Als u een certificaat met een persoonlijke sleutel wilt toevoegen aan het vertrouwde basis-CA-archief op de host van de virtuele machine waarop uw standaard logische app wordt uitgevoerd, voert u de volgende stappen uit:

  1. Open uw logische app-resource in Azure Portal. Selecteer in het resourcemenu van de logische app onder Instellingen TLS/SSL-instellingen (klassiek).

  2. Selecteer op de pagina TLS/SSL-instellingen (klassiek) het tabblad Certificaten voor persoonlijke sleutel (.pfx) en selecteer vervolgens Certificaat uploaden.

  3. Zoek en selecteer in het deelvenster Certificaat voor persoonlijke sleutel toevoegen (.pfx) dat wordt geopend het certificaatbestand voor de persoonlijke sleutel (.pfx) en voer het certificaatwachtwoord in. Wanneer u klaar bent, selecteert u Uploaden.

  4. Nadat u het certificaat hebt toegevoegd, kopieert u vanuit de kolom Vingerafdruk de vingerafdrukwaarde van het certificaat.

    Screenshot showing the Azure portal and Standard logic resource with the following items selected: 'TLS/SSL settings (classic)', 'Private Key Certificates (.pfx)', and 'Upload Certificate'.

  5. Selecteer Configuratie in het resourcemenu van de logische app.

  6. Selecteer Op het tabblad Toepassingsinstellingen de optie Nieuwe toepassingsinstelling. Voeg een nieuwe toepassingsinstelling toe met de naam WEBSITE_LOAD_CERTIFICATES en voer de vingerafdrukwaarde van het certificaat in die u eerder hebt gekopieerd.

    Zie Host- en app-instellingen bewerken voor Standaard logische apps in Azure Logic Apps met één tenant voor meer informatie.

  7. Als het toegevoegde certificaat niet wordt weergegeven in de lijst met certificaten voor persoonlijke sleutels, selecteert u Vernieuwen op de werkbalk.

  8. Wanneer u een verbinding maakt met behulp van de ingebouwde MQ-connector, selecteert u TLS gebruiken in het verbindingsinformatievak.

  9. Voer in de eigenschap Vingerafdruk van clientcertificaat de eerder gekopieerde vingerafdrukwaarde in voor het certificaat van de persoonlijke sleutel, waarmee verificatie via de serverclient (in twee richtingen) mogelijk is. Als u geen vingerafdrukwaarde invoert, gebruikt de connector alleen serververificatie (eenrichtingsverificatie).

    Screenshot showing Standard logic app workflow designer, MQ built-in connection box with 'Use TLS' option selected and the 'Client Cert Thumbprint' property with private key certificate thumbprint entered.

Problemen oplossen

Fouten met bladeren of ontvangen acties

Als u een blader- of ontvangstactie uitvoert in een lege wachtrij, mislukt de actie met de volgende headeruitvoer:

Screenshot showing the MQ

problemen met Verbinding maken ion en verificatie

Wanneer uw werkstroom gebruikmaakt van de door MQ beheerde connector om verbinding te maken met uw on-premises MQ-server, krijgt u mogelijk de volgende fout:

"MQ: Could not Connect the Queue Manager '<queue-manager-name>': The Server was expecting an SSL connection."
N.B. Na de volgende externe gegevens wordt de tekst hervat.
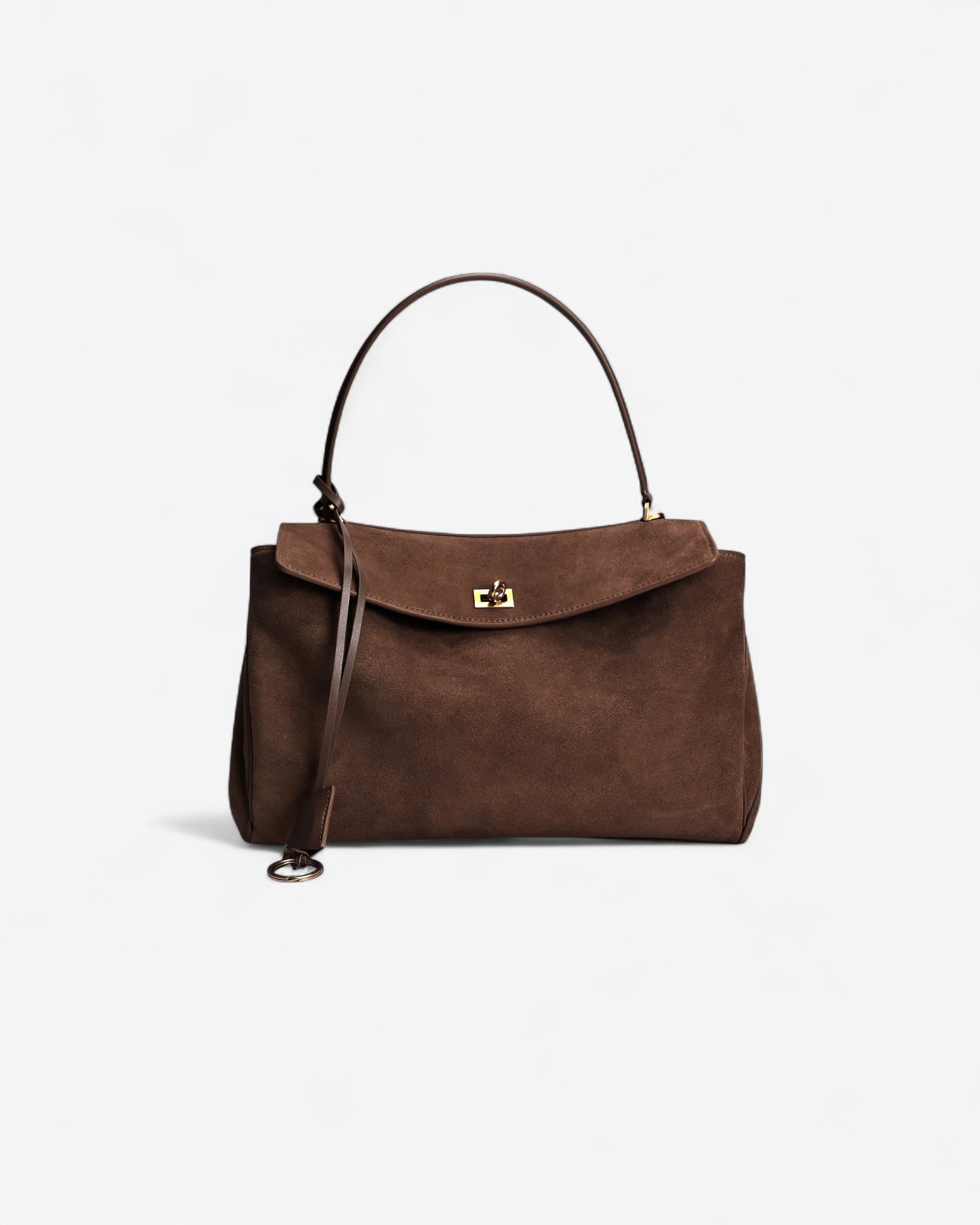 Conna Suede Bag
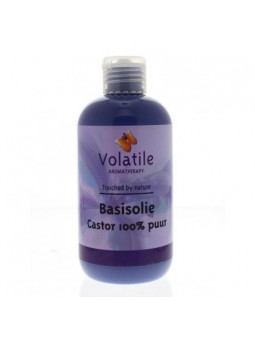 Castor olie bio 100 ml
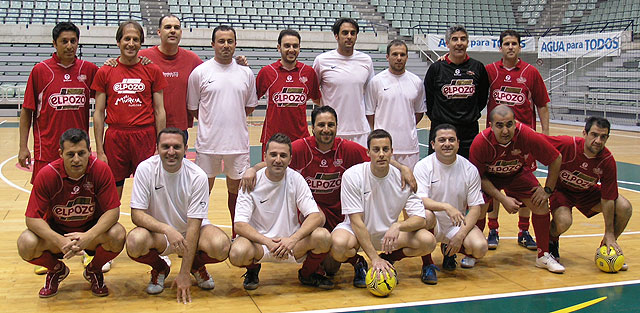 ElPozo Murcia 8- 3 El Corte Inglés - 3, Foto 3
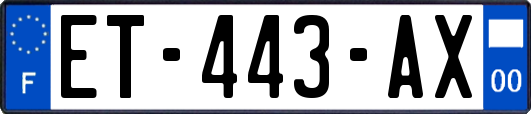 ET-443-AX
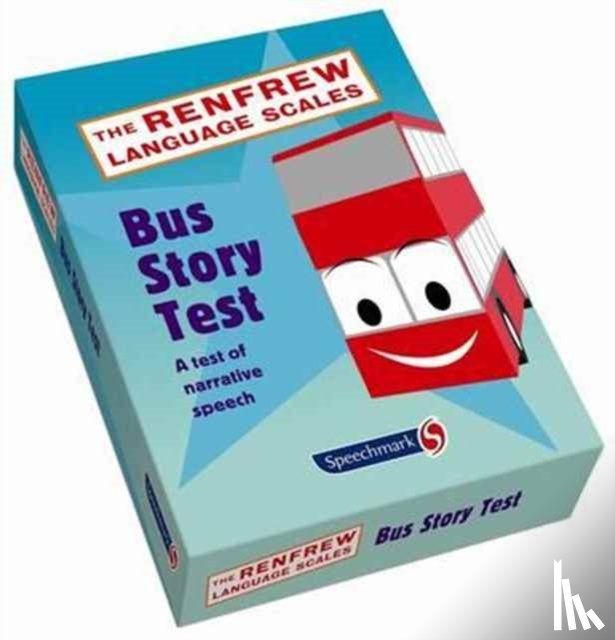 Renfrew, Catherine - Bus Story Test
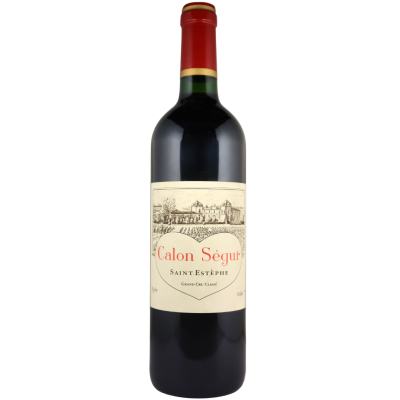 Château Calon Ségur 2017 Saint Estèphe 3eme Grand cru classé 75cL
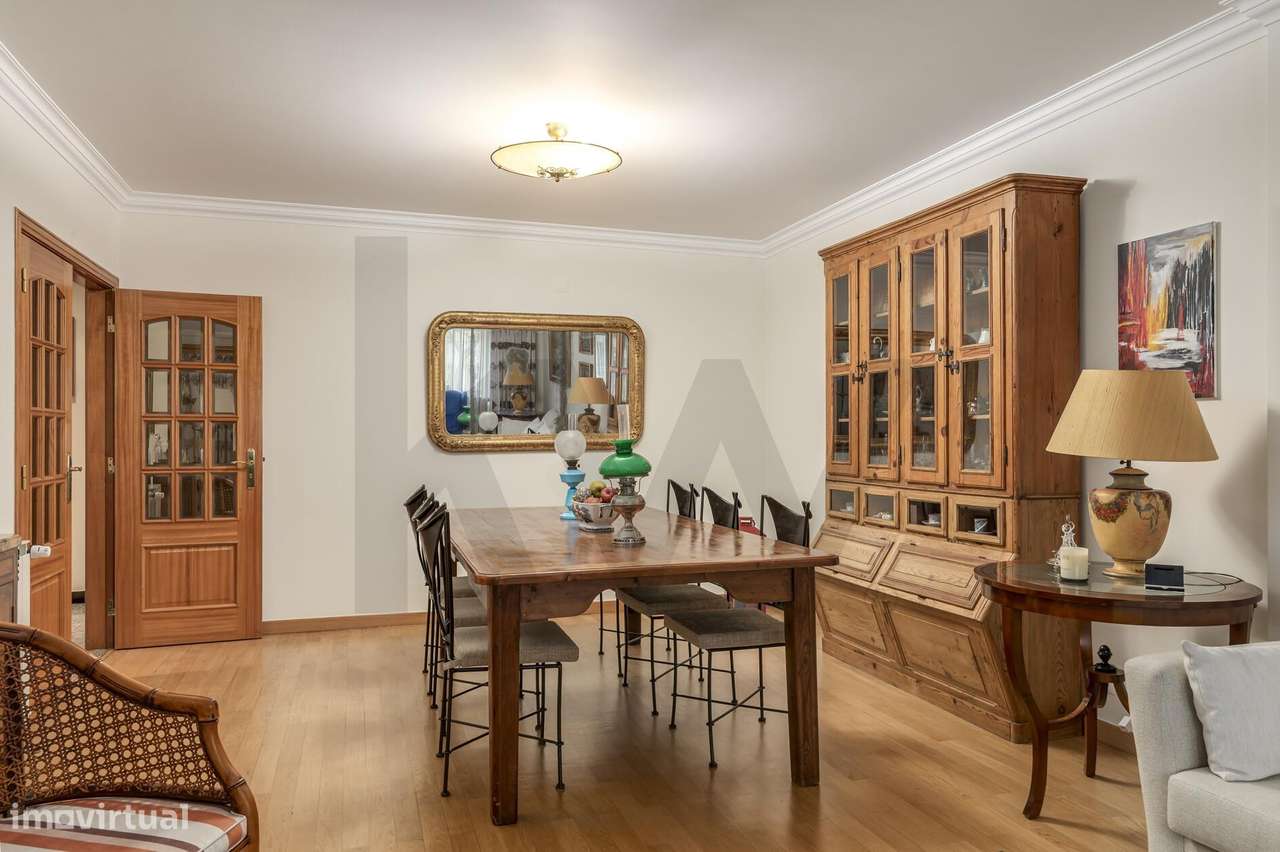 Apartamento T3 com elevador,  estacionamento e arrecadação, Jardins da - Grande imagem: 4/33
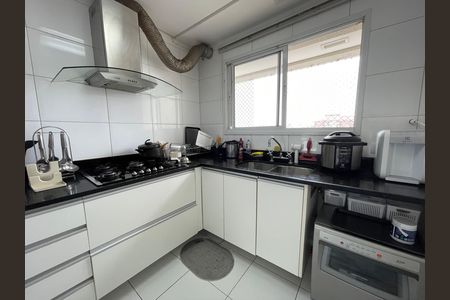 Apartamento à venda com 186m², 3 quartos e 3 vagasCozinhaCozinha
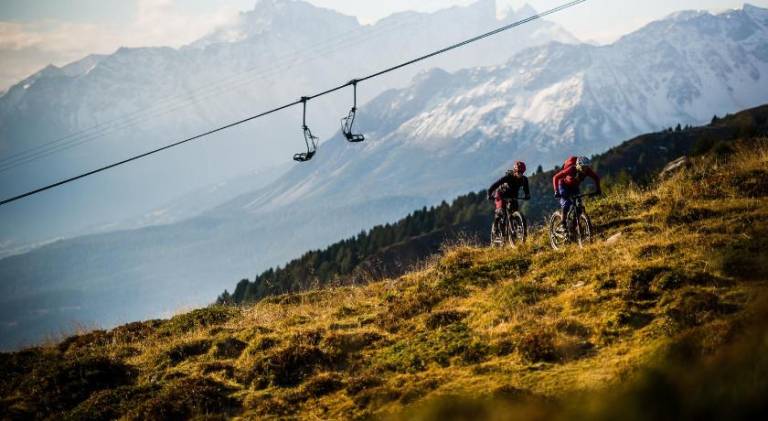 Collina Bed and Breakfast Lenzerheide — photo 3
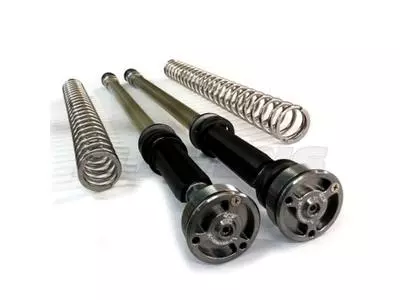 Parts for motorcross bikes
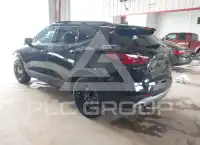 2021 Chevrolet Blazer photo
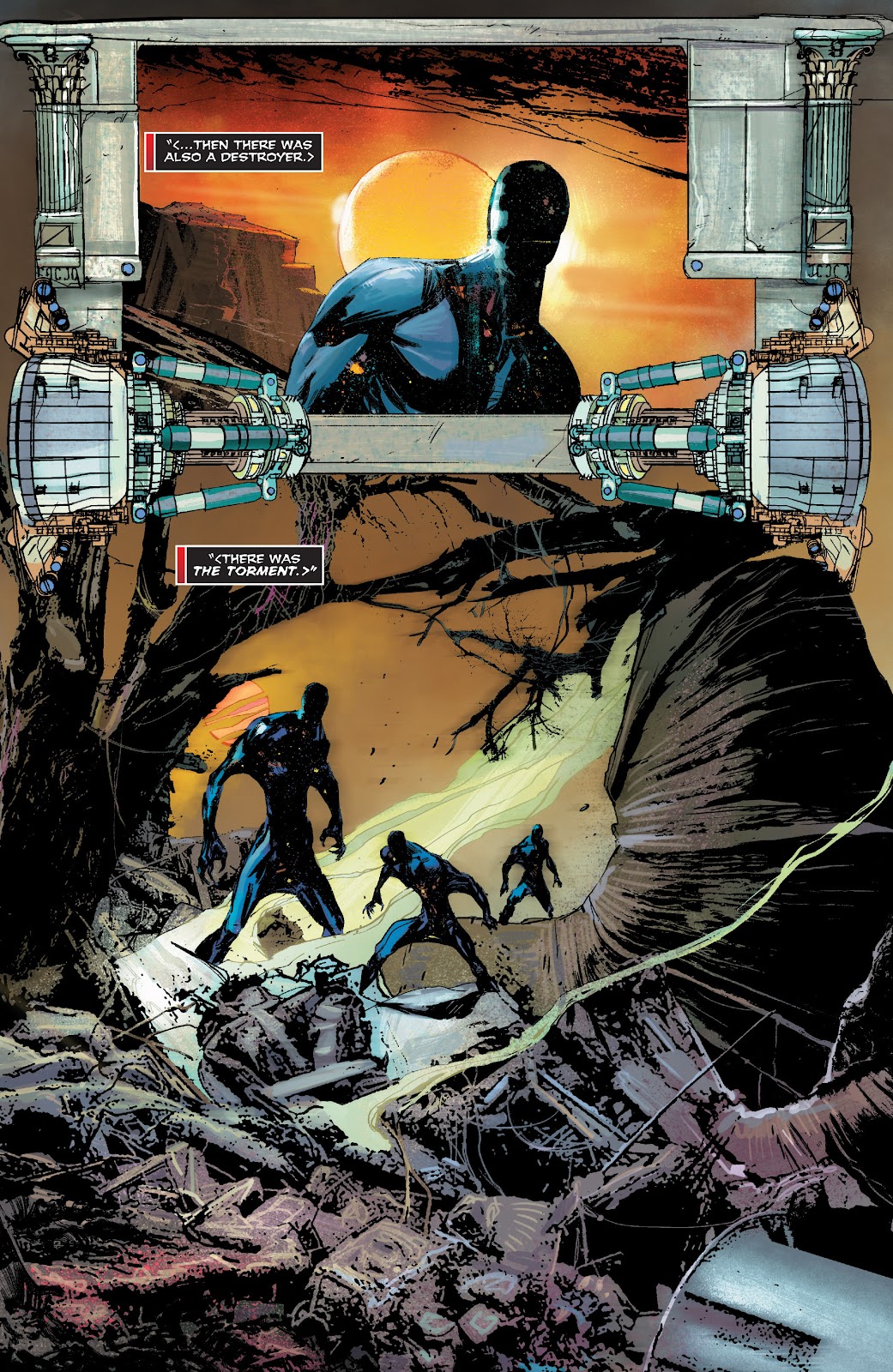 X-O Manowar (2012) issue Annual 1 - Page 45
  • De MQ-server moet een certificaat opgeven dat is uitgegeven door een vertrouwde certificeringsinstantie.

  • Voor de MQ-server moet u de coderingsspecificatie definiëren die moet worden gebruikt met TLS-verbindingen. Voor beveiligingsdoeleinden en om de beste beveiligingssuites op te nemen, verzendt het Windows-besturingssysteem echter een set ondersteunde coderingsspecificaties.

    Het besturingssysteem waarop de MQ-server wordt uitgevoerd, kiest de suites die moeten worden gebruikt. Als u de configuratie wilt vergelijken, moet u de configuratie van de MQ-server zo wijzigen dat de coderingsspecificatie overeenkomt met de optie die is gekozen in de TLS-onderhandeling.

    Wanneer u verbinding probeert te maken, registreert de MQ-server een gebeurtenisbericht dat de verbindingspoging is mislukt omdat de MQ-server de onjuiste coderingsspecificatie heeft gekozen. Het gebeurtenisbericht bevat de coderingsspecificatie die de MQ-server in de lijst heeft gekozen. Werk in de configuratie van het serververbindingskanaal de coderingsspecificatie bij zodat deze overeenkomt met de coderingsspecificatie in het gebeurtenisbericht.